Clearly, both clerics, Hawali and Awda, are well connected in the interior ministry which is headed by Prince Nayef.
Each prince patronizes his own opposition group
In fact, not only do Saudi opposition groups have limited objectives – far short of overthrowing the Saudi throne, but each has its own princely patron with whom its members maintain a lively dialogue. The interaction between the princes and their tame opposition factions means that such actions as a petition for reforms or a religious fatwa will be reflected in the postures assumed by the rival princes in the power struggle inside the royal house.
Since he took over as de facto monarch from his ailing half-brother King Fahd, Crown Prince Abdullah has been in close colloquy with the reformist front. Many of the princes, including foreign minister Saud al-Faysal and billionaire businessman Walid ibn Talal, echo Abdullah's belief that reforms, in general, are necessary. Although they do not always agree on which reforms should be carried out, they see change as a rallying motto around Abdullah against the rival Sudeiri faction of the royal house.
The Sudeiris, led by Fahd, defense minister Sultan and Nayef, lean more towards the radical groups and among Saudis, the interior minister is accused of succoring al Qaeda members. There is no doubt that the minister, whose job it is to fight terrorists, is well connected in extremist religious circles. His crackdown on various terrorist groups was seen to be half-hearted at best – that is until the June amnesty. Since then, his interior ministry has come down much harder on these violent elements, without however foregoing its close ties with the radical clerics who headed the Islamic opposition in the 1990s.

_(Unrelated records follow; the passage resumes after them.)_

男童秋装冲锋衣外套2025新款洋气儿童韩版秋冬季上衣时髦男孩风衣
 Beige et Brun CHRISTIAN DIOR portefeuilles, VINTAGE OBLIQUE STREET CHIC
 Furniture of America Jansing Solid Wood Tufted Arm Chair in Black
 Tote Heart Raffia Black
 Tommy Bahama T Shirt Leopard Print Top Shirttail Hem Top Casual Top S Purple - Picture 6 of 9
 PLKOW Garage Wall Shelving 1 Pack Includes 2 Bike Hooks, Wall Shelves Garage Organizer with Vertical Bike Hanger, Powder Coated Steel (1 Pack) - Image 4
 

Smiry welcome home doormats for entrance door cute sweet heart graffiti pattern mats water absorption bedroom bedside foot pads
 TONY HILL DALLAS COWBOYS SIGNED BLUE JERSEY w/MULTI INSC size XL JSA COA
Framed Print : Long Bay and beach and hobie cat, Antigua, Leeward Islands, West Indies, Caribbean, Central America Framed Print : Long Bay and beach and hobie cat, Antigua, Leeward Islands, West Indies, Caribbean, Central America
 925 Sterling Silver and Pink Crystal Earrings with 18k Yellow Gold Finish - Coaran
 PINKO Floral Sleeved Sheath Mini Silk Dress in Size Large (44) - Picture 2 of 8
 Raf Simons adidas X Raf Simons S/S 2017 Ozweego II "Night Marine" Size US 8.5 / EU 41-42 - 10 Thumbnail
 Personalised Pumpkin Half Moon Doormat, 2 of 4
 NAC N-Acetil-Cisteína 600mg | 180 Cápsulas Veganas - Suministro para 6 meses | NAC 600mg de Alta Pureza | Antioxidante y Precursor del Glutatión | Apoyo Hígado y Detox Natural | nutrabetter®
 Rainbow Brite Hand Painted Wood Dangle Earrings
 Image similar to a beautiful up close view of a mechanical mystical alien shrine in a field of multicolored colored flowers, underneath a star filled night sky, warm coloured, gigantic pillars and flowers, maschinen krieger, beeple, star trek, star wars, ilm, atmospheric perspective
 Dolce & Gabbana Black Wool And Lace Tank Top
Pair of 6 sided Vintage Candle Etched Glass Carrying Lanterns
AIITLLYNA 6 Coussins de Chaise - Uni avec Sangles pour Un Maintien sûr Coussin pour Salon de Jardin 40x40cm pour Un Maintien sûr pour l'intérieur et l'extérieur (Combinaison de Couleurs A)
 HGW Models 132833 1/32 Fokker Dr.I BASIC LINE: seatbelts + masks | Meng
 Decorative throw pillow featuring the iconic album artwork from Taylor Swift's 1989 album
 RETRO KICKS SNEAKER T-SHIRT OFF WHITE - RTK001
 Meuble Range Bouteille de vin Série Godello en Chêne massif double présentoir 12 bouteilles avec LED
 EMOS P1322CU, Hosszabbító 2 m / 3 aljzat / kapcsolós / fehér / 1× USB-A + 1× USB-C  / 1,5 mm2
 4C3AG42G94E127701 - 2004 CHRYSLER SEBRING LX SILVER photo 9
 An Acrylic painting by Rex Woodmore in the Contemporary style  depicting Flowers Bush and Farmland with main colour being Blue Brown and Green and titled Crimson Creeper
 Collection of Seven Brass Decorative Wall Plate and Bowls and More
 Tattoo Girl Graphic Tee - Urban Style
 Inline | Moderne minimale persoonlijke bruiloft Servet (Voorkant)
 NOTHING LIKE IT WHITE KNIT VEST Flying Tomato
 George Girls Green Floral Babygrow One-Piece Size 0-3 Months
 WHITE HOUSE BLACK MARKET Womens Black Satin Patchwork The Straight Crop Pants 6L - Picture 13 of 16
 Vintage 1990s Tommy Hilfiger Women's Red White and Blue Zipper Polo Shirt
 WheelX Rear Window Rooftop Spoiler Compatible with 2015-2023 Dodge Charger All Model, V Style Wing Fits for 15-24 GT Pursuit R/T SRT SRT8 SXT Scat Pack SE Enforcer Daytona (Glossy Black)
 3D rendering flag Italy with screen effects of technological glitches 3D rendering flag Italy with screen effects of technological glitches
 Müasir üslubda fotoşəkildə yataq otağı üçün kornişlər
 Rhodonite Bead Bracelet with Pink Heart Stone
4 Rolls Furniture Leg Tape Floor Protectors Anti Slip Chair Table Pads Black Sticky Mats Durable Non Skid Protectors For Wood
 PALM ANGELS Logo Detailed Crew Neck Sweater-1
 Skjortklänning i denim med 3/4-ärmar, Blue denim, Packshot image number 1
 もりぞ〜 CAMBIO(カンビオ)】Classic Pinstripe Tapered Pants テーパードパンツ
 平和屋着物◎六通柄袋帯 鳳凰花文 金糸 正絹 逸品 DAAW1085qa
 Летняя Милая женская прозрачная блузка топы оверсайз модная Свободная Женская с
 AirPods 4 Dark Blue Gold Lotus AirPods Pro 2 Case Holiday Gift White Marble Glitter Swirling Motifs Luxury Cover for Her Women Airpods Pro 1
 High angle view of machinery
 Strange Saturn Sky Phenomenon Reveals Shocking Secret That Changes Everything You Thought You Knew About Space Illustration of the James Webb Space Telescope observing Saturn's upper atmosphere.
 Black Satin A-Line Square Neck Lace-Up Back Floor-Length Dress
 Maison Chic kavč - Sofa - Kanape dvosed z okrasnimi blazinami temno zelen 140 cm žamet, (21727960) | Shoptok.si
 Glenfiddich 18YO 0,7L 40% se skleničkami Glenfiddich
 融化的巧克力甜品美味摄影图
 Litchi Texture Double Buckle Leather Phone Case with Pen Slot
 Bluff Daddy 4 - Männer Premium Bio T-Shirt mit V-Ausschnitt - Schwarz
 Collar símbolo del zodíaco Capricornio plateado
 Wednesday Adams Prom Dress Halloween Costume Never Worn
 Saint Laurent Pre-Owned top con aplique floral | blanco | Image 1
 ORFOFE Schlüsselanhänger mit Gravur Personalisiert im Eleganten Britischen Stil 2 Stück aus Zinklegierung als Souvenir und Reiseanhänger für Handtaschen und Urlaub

The House of Saud is too hampered by infighting – worsening as the king’s health declines – to cope with the popular crisis of confidence and crying need for reform. Their conduct of affairs is often misinterpreted by Western observers as lax and their internal squabbles overrated as a threat to the stability of the royal house and the kingdom. However, the top Saudi princes are fully alive to the need to rise above their rivalries and show the public they can pull the government together.
This article is based on the researches and analysis of one large group of Saudi experts.
A second group takes the opposite view, that Saudi rulers have in the past three months conducted a successful campaign against al Qaeda, capturing or killing its cell leaders and forcing many to flee to Sudan, Yemen and Somalia. This group finds the ruling princes incapable of controlling the opposition factions, some of which seek regime change, either by overthrowing the royal family or making it a constitutional monarchy. Other factions, mainly in the Hijaz, seek secession.
This second group of analysts agrees with the first that all the opposition groups command no more than marginal influence. They took advantage of the regime’s preoccupation with fighting terror to promote their interests and gather strength. Though now a force in the succession battles besetting the House of Saud, they are far from being an imminent threat.